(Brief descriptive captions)

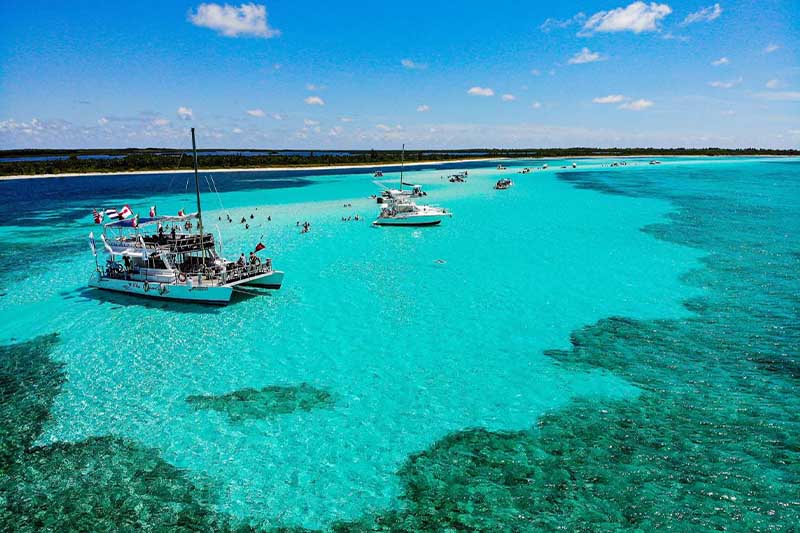 Cozumel em Catamaran – Snorkeling nos Recifes & El Cielo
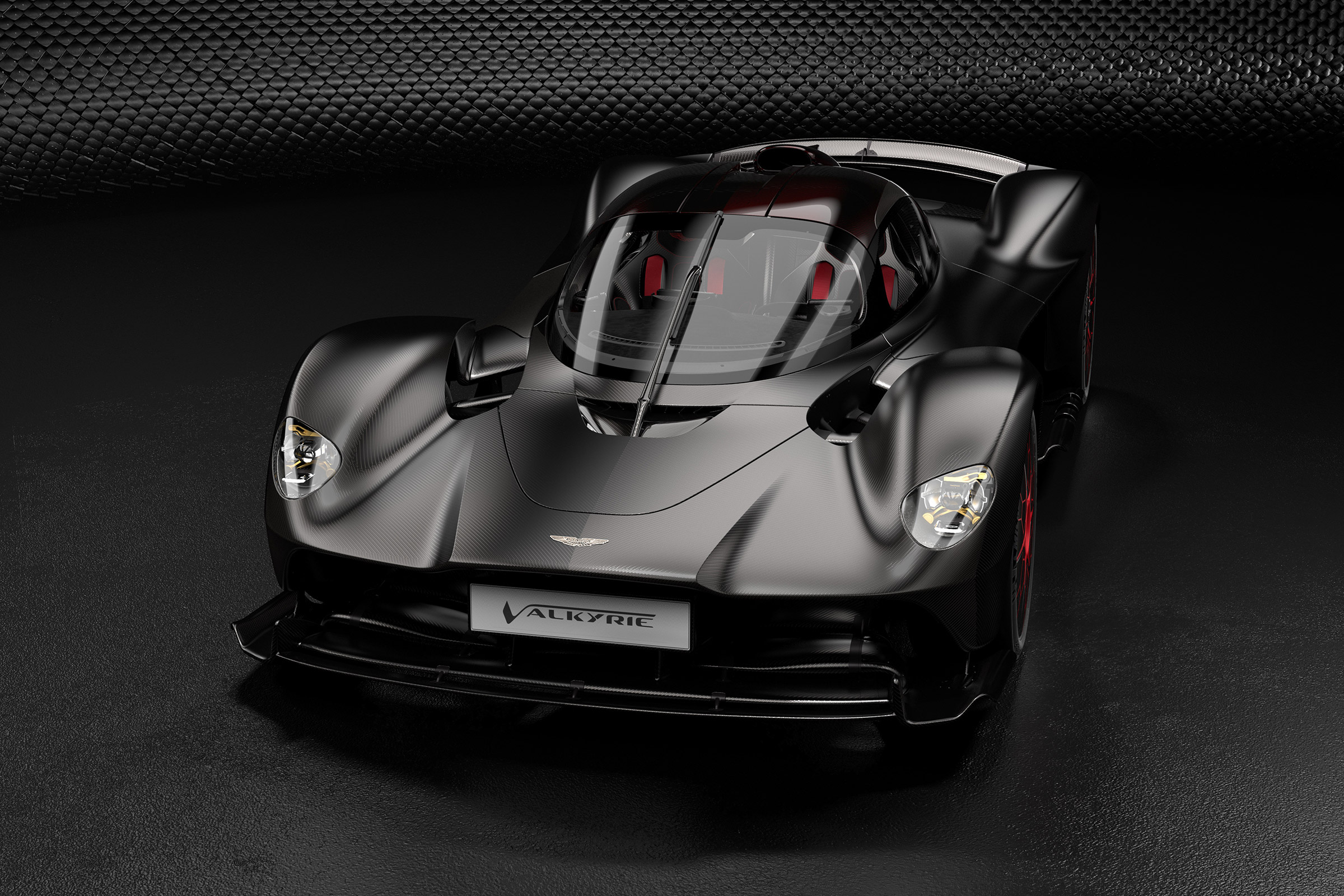Aston Martin Valkyrie Q by AM - black front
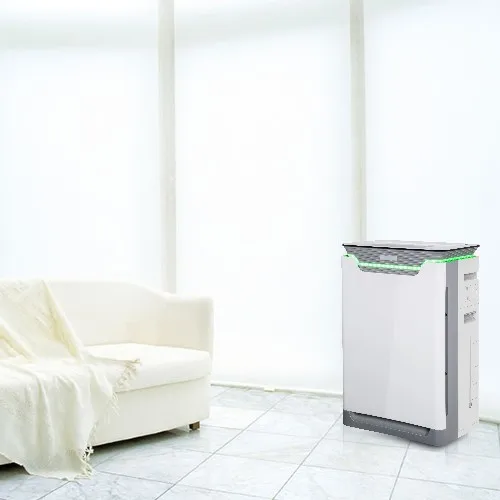 Portable Smart HEPA Air Purifier Humidifier with UV Lamp Ozone Generator Electric Home Humidity Controller for Household Use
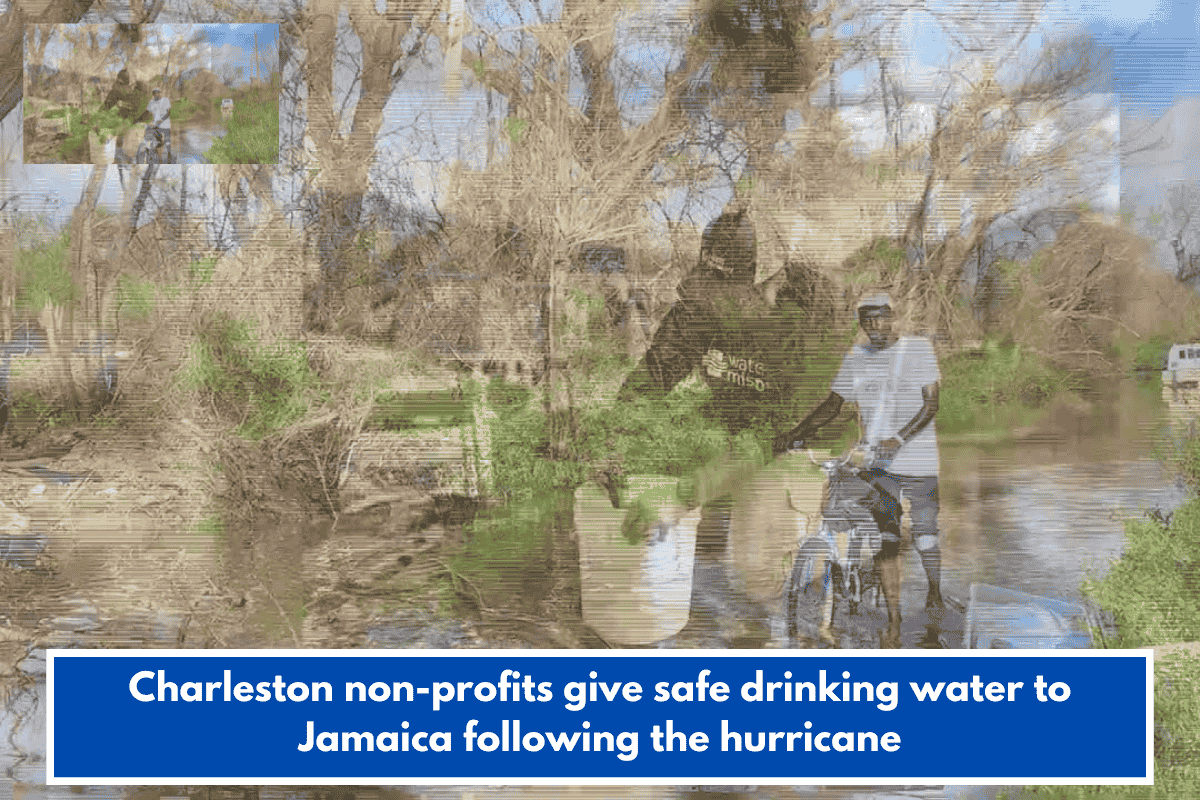 Charleston non-profits give safe drinking water to Jamaica following the hurricane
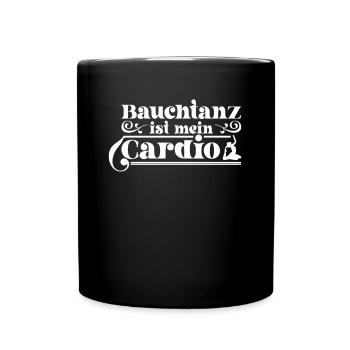 Bauchtanz Ist Mein Cardio - Bauchtänzerin - Tasse einfarbig - Schwarz - Vorne
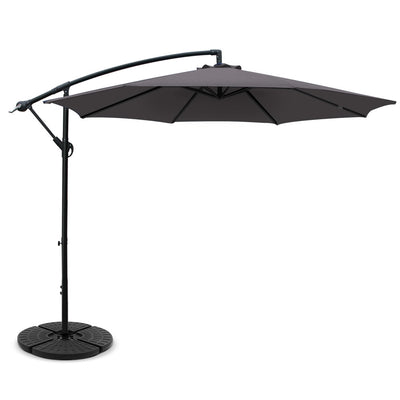 umbrella with base stand charcoal outdoor 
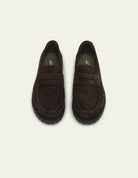 Hairy Suede Mocassins penny — Molé Brown — vue 4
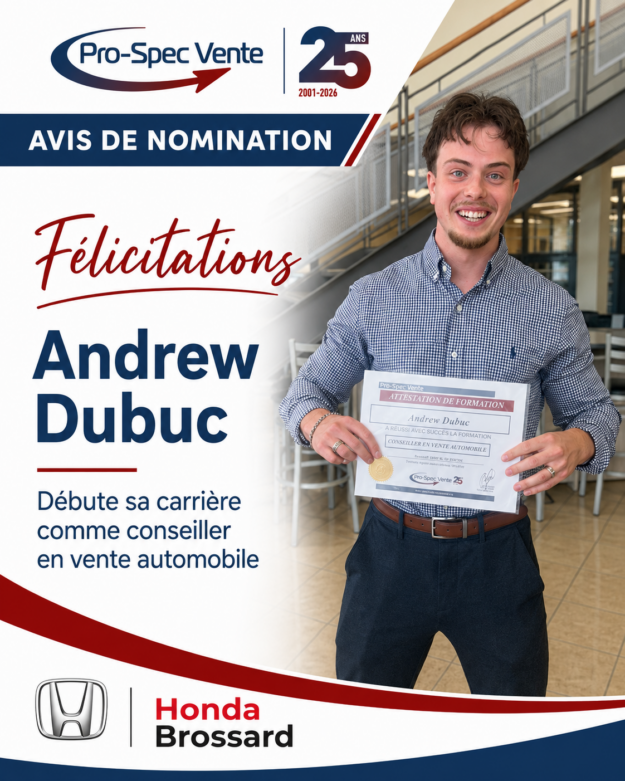 avis de nomination chez Honda Brossard formation_pour_devenir_conseiller_en_vente_automobile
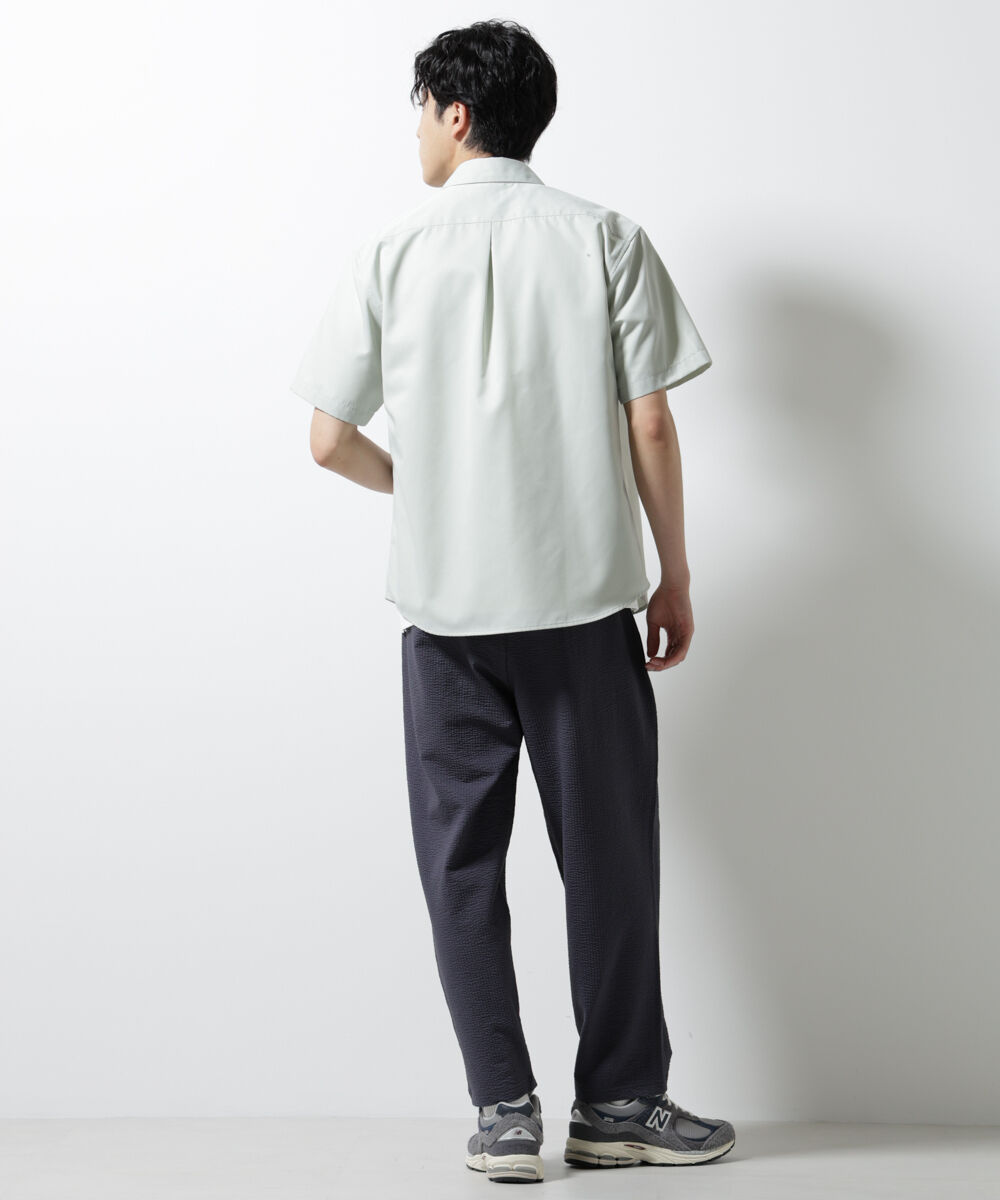 nano･universe「ジャージーサッカーワイドテーパードパンツ」|チノ|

Task: With pictures omitted, reproduce exactly the lines from the line containing "Bauchtanz Ist Mein" through the end of the data above.

Completed task:
 Bauchtanz Ist Mein Cardio - Bauchtänzerin - Tasse einfarbig - Schwarz - Vorne
 umbrella with base stand charcoal outdoor 
 Hairy Suede Mocassins penny — Molé Brown — vue 4
 avis de nomination chez Honda Brossard formation_pour_devenir_conseiller_en_vente_automobile
 nano･universe「ジャージーサッカーワイドテーパードパンツ」|チノ|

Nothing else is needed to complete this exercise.